Fetal Reduction: The Garden of Eden Re-Visited
As Jenny lay on the obstetrician’s examination table…She didn’t want to see the two shadows floating inside her… “we created this child in such an artificial manner — in a test tube, choosing an egg donor, having the embryo placed in me — and somehow, making a decision about how many to carry seemed to be just another choice. The pregnancy was all so consumerish to begin with, and this became yet another thing we could control.”
-New York Times The Two-Minus-One Pregnancy, Ruth Padawer, August 10, 2011
Now the serpent was more crafty than any of the wild animals the LORD God had made…5 “For God knows that when you eat from it your eyes will be opened, and you will be like God, knowing good and evil… she took some and ate it.
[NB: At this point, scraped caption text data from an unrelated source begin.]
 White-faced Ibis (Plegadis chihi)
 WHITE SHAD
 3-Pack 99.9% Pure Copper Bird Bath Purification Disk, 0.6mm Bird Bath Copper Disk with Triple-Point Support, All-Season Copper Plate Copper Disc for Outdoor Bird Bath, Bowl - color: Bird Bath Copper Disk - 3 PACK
She also gave some to her husband, who was with her, and he ate it. 7 Then the eyes of both of them were opened, and they realized they were naked. (Genesis 3)
The sophisticated technology and complex moral dilemmas that parents like Jenny face are seemingly light years away from the dawn of human history and the great temptation of the serpent in Genesis. But as the reproductive drama unfolds as Jenny describes in the New York Times article on the pregnancy reduction of twins, the temptation faced by our first parents has never been more diabolically clear and powerful.